:: Activity ::
Gather each line of the records where "Plate" appears.

======== Data to process ========

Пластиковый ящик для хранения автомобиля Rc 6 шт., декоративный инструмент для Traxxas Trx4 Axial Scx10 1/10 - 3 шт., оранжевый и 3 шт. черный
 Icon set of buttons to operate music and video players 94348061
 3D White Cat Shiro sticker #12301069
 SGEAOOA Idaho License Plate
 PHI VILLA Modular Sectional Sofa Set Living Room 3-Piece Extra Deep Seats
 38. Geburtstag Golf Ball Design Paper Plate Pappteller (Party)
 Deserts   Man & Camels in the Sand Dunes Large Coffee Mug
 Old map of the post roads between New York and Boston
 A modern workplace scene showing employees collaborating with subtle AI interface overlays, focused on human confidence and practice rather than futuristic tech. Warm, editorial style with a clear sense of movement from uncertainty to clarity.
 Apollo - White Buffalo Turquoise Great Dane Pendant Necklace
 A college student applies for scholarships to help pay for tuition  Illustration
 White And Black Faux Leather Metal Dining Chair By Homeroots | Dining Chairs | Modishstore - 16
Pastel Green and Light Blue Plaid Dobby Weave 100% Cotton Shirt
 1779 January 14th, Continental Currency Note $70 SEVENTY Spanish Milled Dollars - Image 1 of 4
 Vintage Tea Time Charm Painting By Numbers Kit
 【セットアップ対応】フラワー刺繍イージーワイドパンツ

========

:: Output below ::
 SGEAOOA Idaho License Plate
 38. Geburtstag Golf Ball Design Paper Plate Pappteller (Party)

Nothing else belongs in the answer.